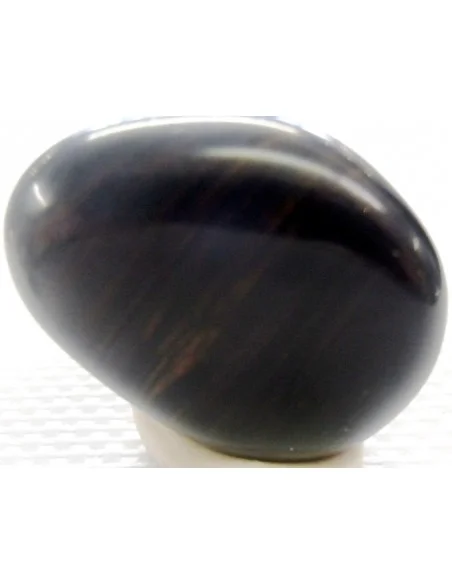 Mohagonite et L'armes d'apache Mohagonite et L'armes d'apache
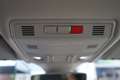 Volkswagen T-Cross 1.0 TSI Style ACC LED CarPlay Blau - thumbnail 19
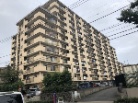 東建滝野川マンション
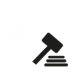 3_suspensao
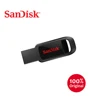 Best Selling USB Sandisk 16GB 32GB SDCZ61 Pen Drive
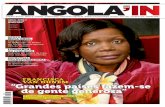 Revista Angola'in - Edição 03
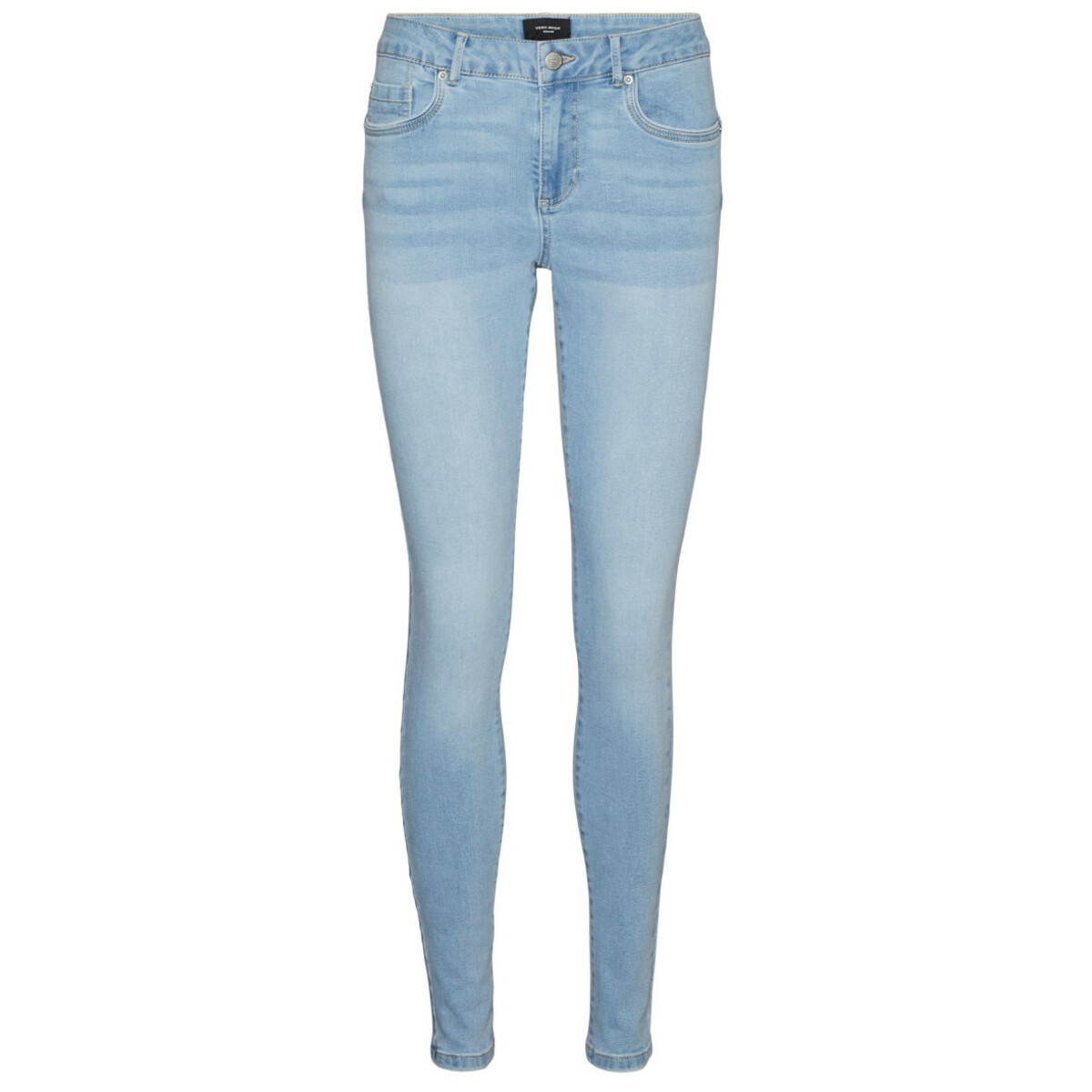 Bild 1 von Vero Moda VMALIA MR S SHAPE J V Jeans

|---|

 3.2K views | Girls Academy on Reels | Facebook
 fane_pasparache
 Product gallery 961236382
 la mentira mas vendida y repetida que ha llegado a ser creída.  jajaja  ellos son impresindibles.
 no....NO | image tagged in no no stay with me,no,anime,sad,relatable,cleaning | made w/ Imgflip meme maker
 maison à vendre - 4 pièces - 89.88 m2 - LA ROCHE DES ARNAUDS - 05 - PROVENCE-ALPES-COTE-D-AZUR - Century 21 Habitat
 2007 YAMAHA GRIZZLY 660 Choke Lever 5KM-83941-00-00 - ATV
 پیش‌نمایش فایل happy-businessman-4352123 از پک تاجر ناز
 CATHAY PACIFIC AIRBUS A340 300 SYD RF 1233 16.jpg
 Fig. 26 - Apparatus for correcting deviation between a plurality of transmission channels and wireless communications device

|---|

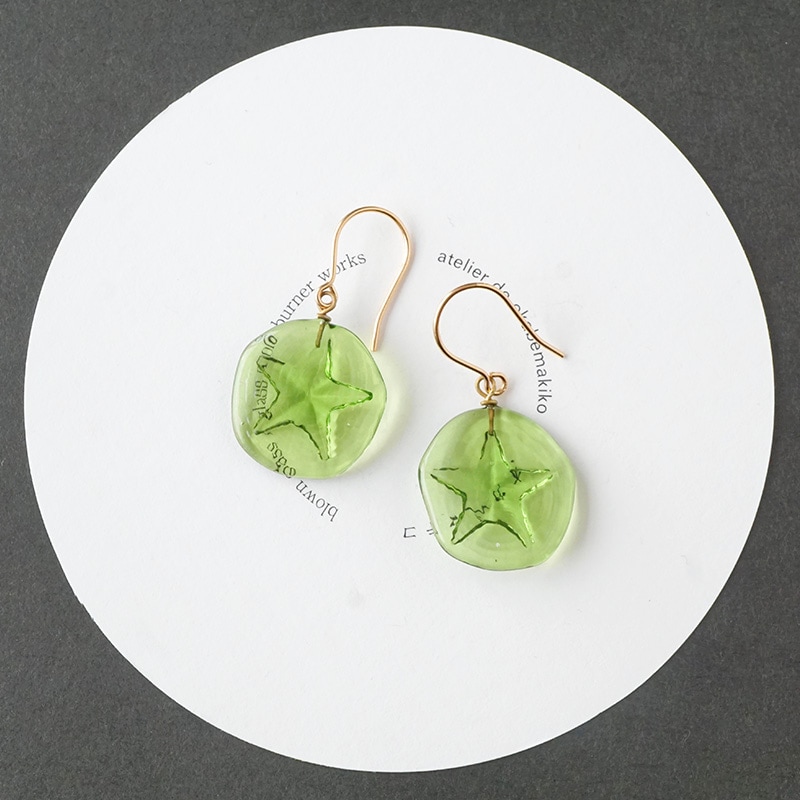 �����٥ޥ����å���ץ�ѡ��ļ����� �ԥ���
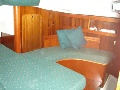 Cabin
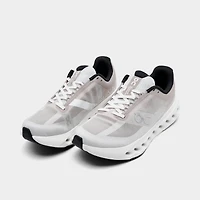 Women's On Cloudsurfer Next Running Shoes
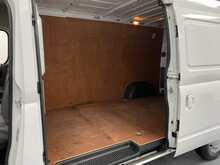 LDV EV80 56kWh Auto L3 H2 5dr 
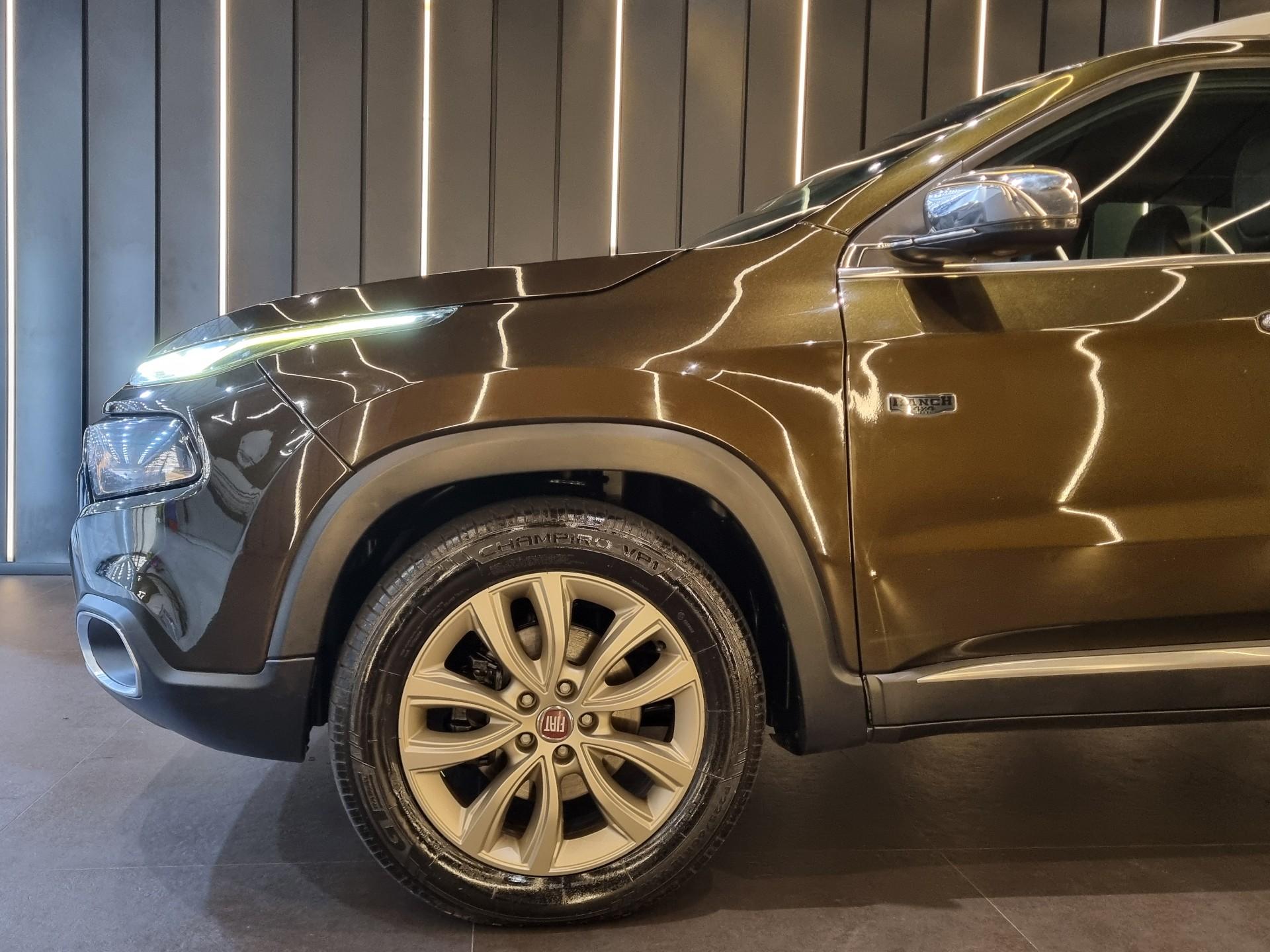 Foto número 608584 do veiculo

|---|

◆ **ASSIGNMENT**: Please reproduce, exactly as they appear above, the lines from the line containing "3.2K views |" up to and including the line containing "Fig. 26 - Apparatus".

◆ **THE COMPLETED TASK**:
 3.2K views | Girls Academy on Reels | Facebook
 fane_pasparache
 Product gallery 961236382
 la mentira mas vendida y repetida que ha llegado a ser creída.  jajaja  ellos son impresindibles.
 no....NO | image tagged in no no stay with me,no,anime,sad,relatable,cleaning | made w/ Imgflip meme maker
 maison à vendre - 4 pièces - 89.88 m2 - LA ROCHE DES ARNAUDS - 05 - PROVENCE-ALPES-COTE-D-AZUR - Century 21 Habitat
 2007 YAMAHA GRIZZLY 660 Choke Lever 5KM-83941-00-00 - ATV
 پیش‌نمایش فایل happy-businessman-4352123 از پک تاجر ناز
 CATHAY PACIFIC AIRBUS A340 300 SYD RF 1233 16.jpg
 Fig. 26 - Apparatus for correcting deviation between a plurality of transmission channels and wireless communications device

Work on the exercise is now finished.